LS: History Here and Now September 12, 2008
Third in a three-part series on the history of the Grand Junction Fire Department. This is excerpted from an article originally published in the Journal of the Western Slope in 1988.
In the 1930s Grand Junction firefighter salaries were $2,000 a year, good pay for the depression years.
Until July 1935 a steam siren, located at the powerhouse of the Public Service company, sounded the public fire alarm.
When the steam plant closed, the city installed a large electrically operated siren on the roof of the fire station, which blew two times each day: at precisely noon and at 9 p.m. to signal the curfew when all children were to be off the streets.

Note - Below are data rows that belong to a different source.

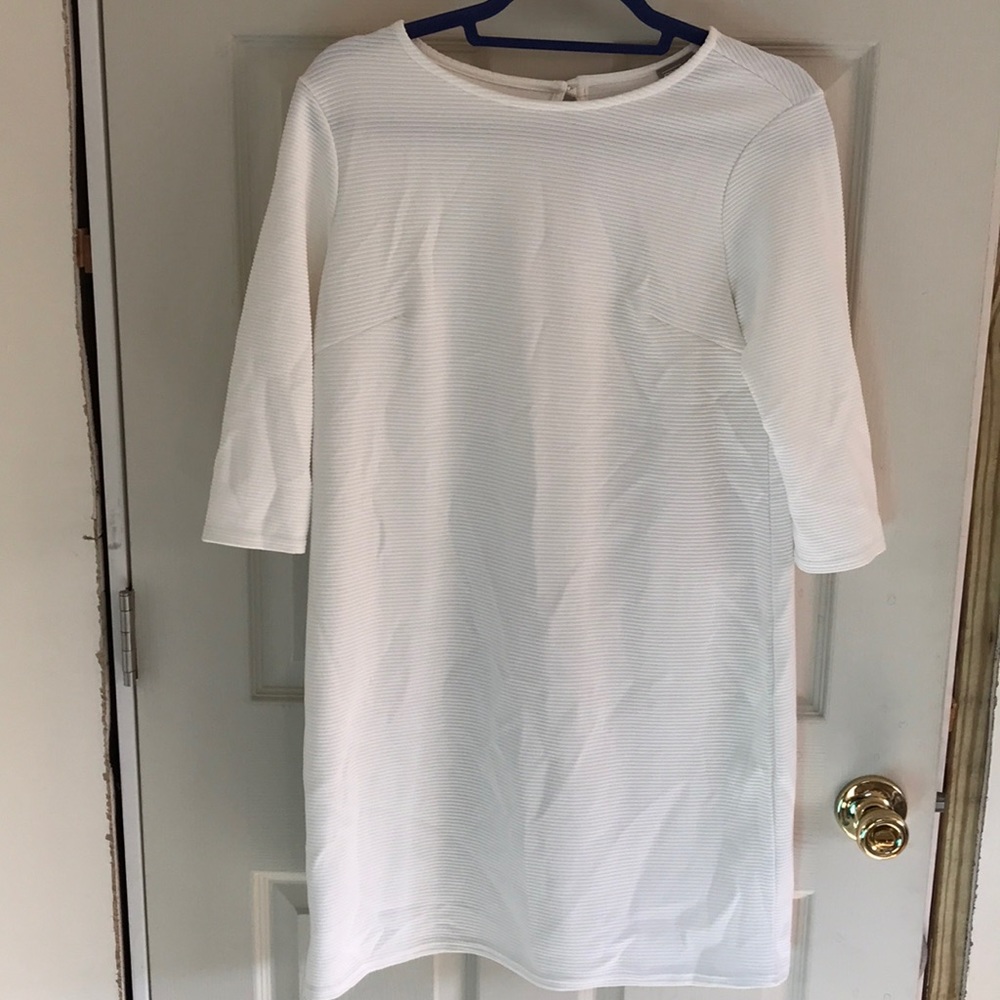 White ASOS ribbed dress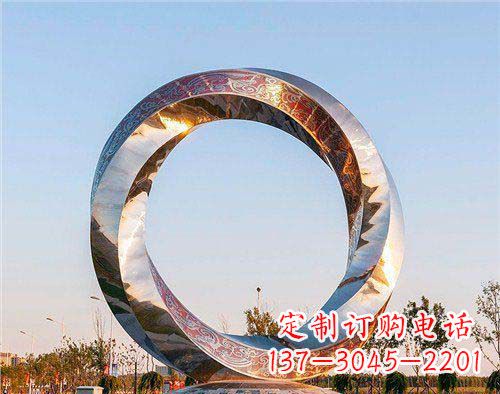 常州精美的不锈钢圆环景观雕塑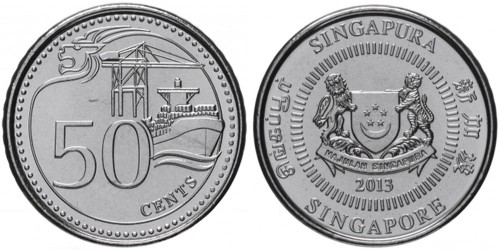 50 центов 2013 Сингапур UNC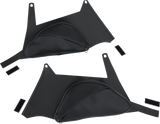 SHOW CHROME Dual Side Tank Pouch - Ballistic w/ Black Stitch - Ryker '19-'24 H40-401CBK
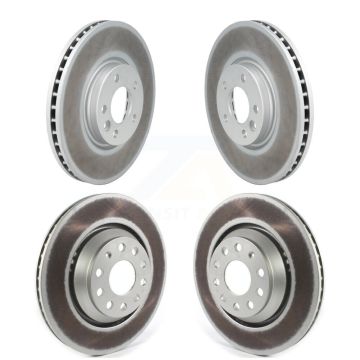 Front Rear Coated Disc Brake Rotors Kit For Volkswagen CC Passat KG-101270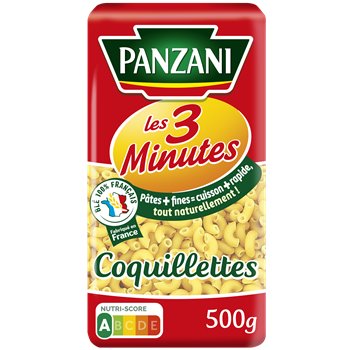 Pâtes coquillettes Panzani Les 3 min - 500g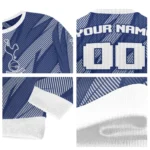 Personalized Tottenham Hotspur Stripe Motion Navy Sweater Best Selling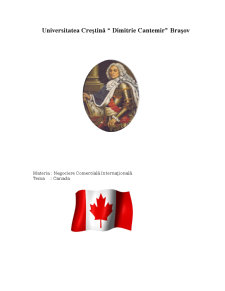 Stilurile de negociere comercială internațională. Studiu de caz Canada - Pagina 1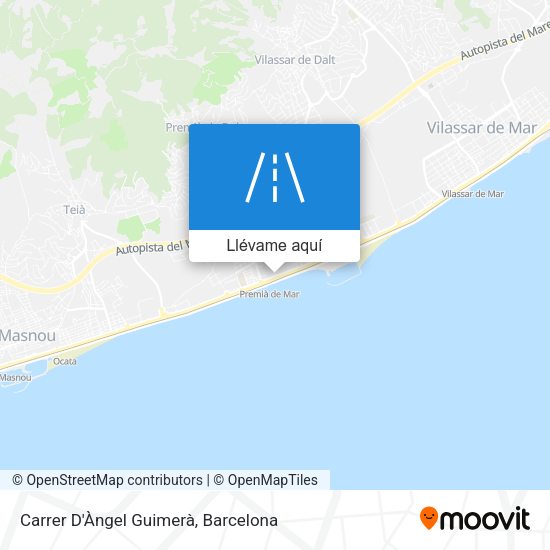 Mapa Carrer D'Àngel Guimerà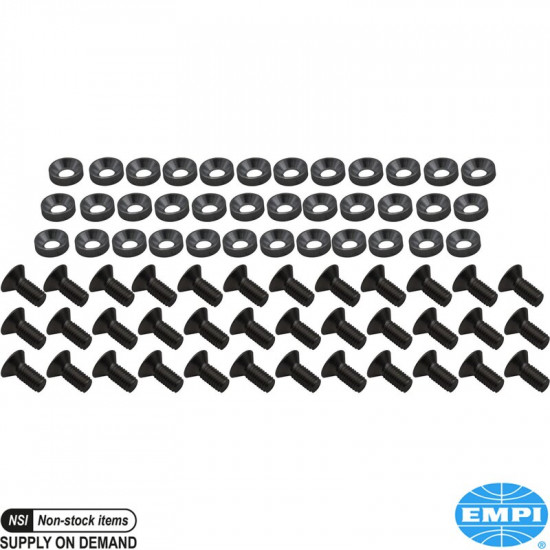 Engine tin mounting set, Compound Built, black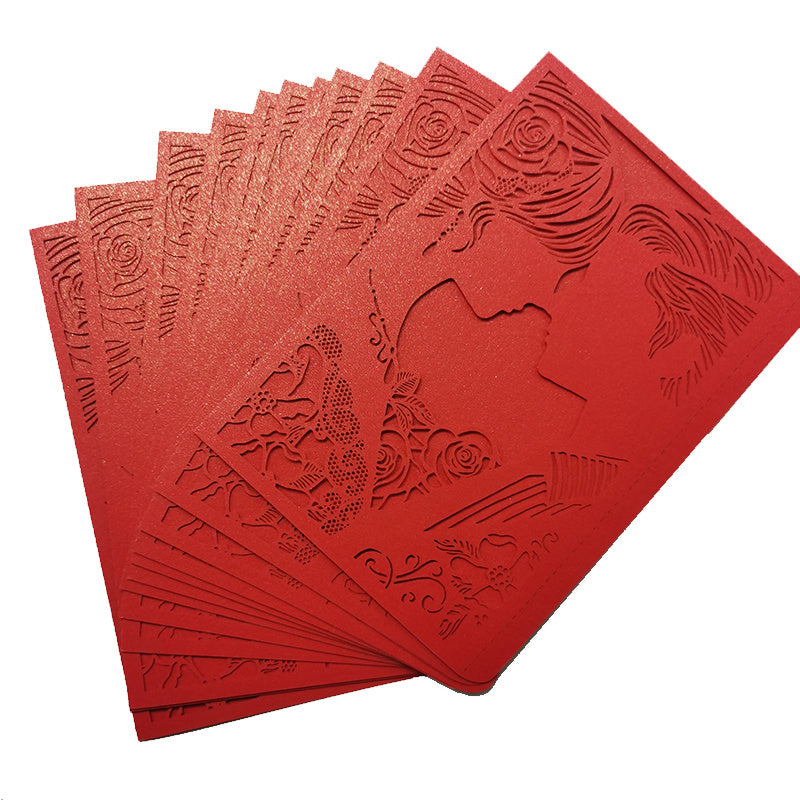 10-Pack Pearl Paper Wedding Invitations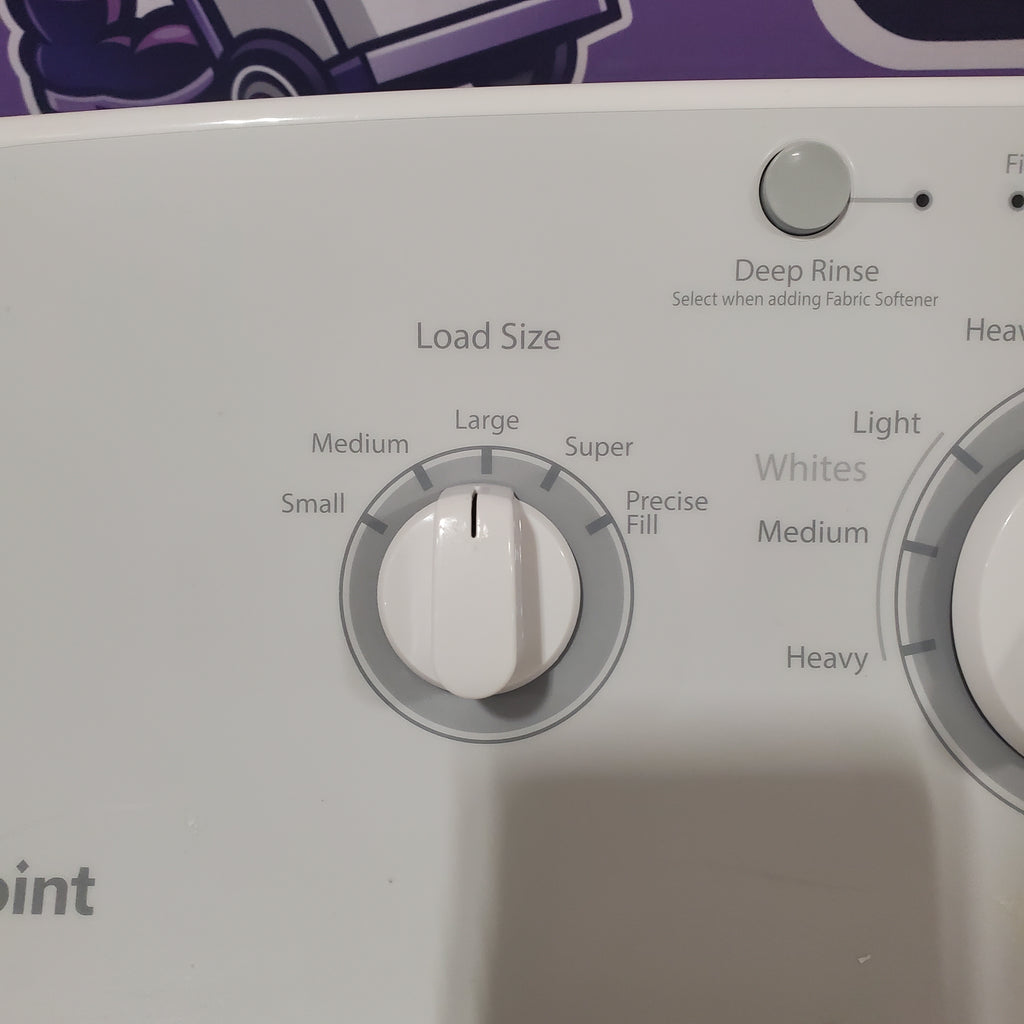 Pictures of Hotpoint White Top Load 3.8 Cu. Ft. Washer with Stainless Steel Basket and Heavy Duty Agitator HTW240ASKWS - Certified Refurbished - Neu Appliance Outlet - Discount Appliance Outlet in Austin, Tx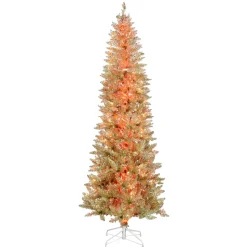 Pre-Lit^Vickerman 7.5' Champagne 350 Color Change, K183877Led8Fcc,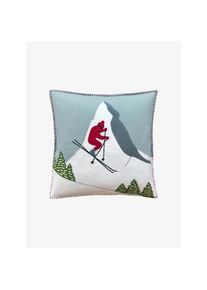 JAN Constantine Zierkissen Bez&uuml;ge Red Skier pastellblau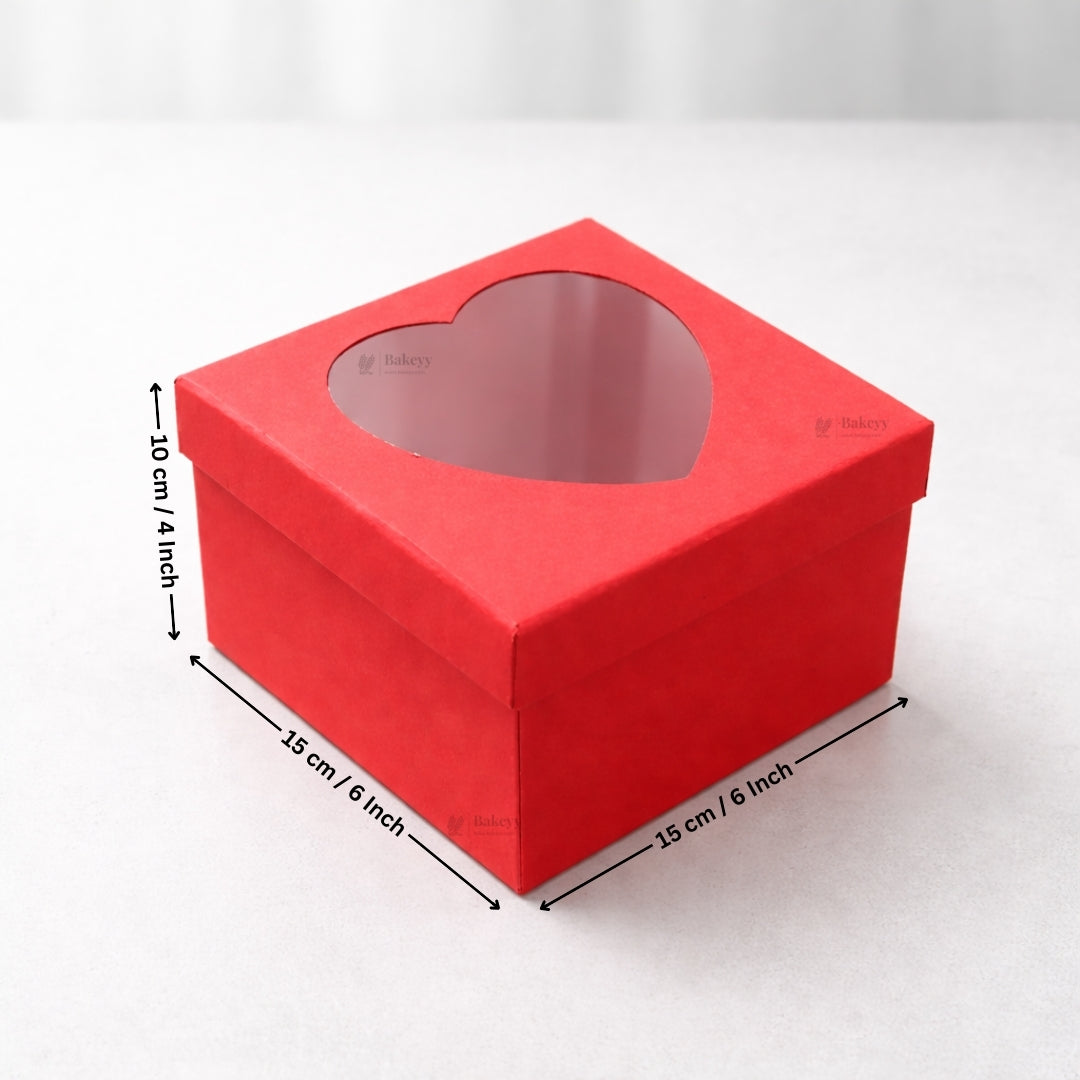 Red Heart Window Gift Box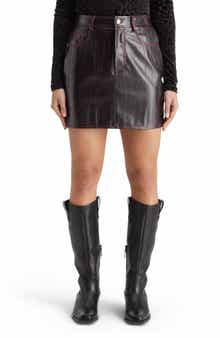 Scotch & Soda Faux Leather Miniskirt
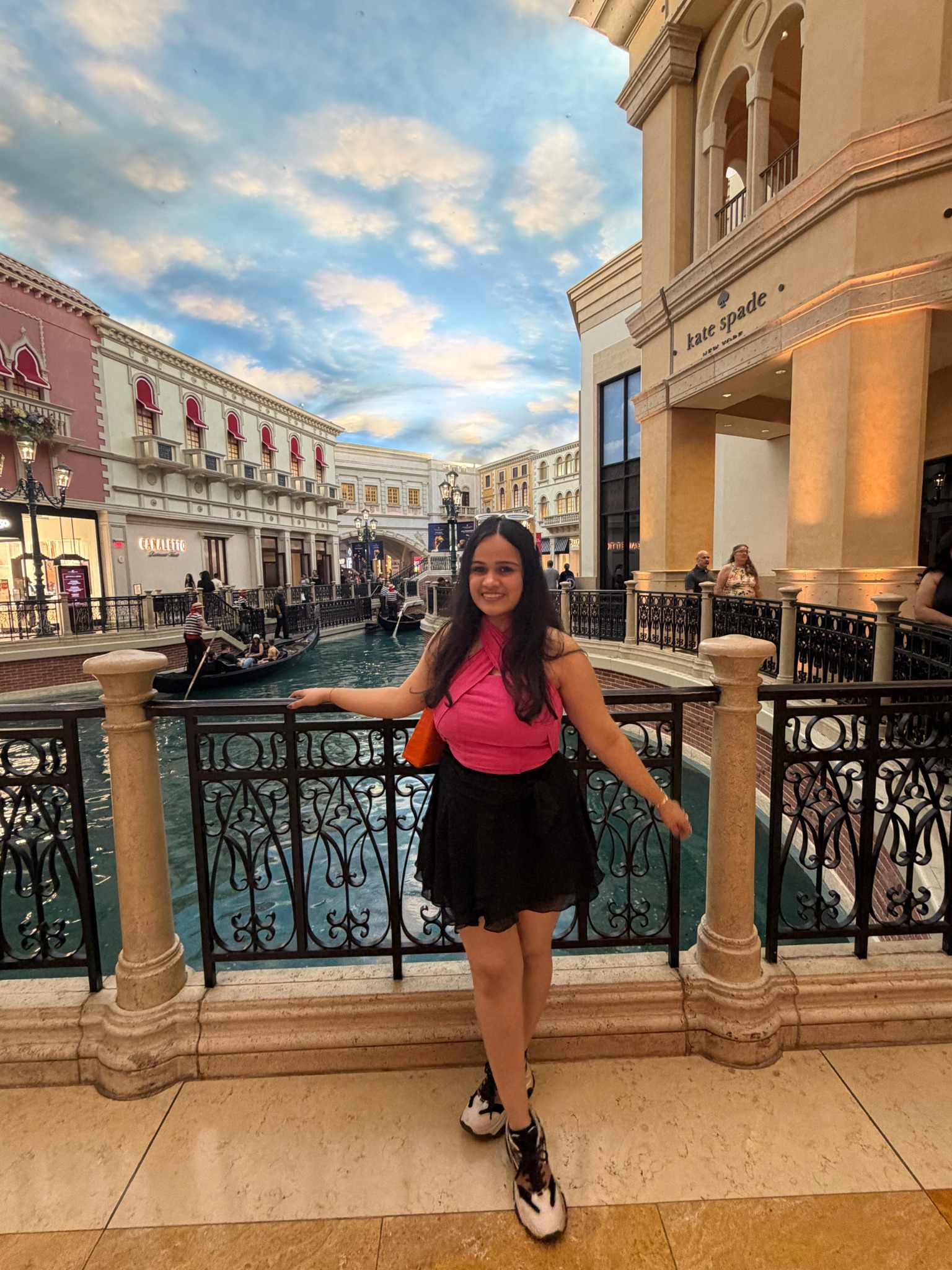 Vinanti smiling during a trip to Las Vegas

In the early 1930s, Grand Junction hosted the state convention for firefighters, an event that brought men from all parts of Colorado for “fire college” and contests.
Unemployed men, with time on their hands, visited the firehouse because something was always happening there. Poker and checkers were standard diversions. Firemen formed boxing and softball teams.
On June 27, 1943, two railroad carloads of ammunition en route to the West Coast exploded in the Denver and Rio Grande Western Railway yard. Shrapnel and shells bombarded the downtown area.
Four people were injured in the fire. One of those was fireman Henry Tebo who received lacerations on his leg and Fire Chief Charles Downing, who lost an arm because of an exploding shell.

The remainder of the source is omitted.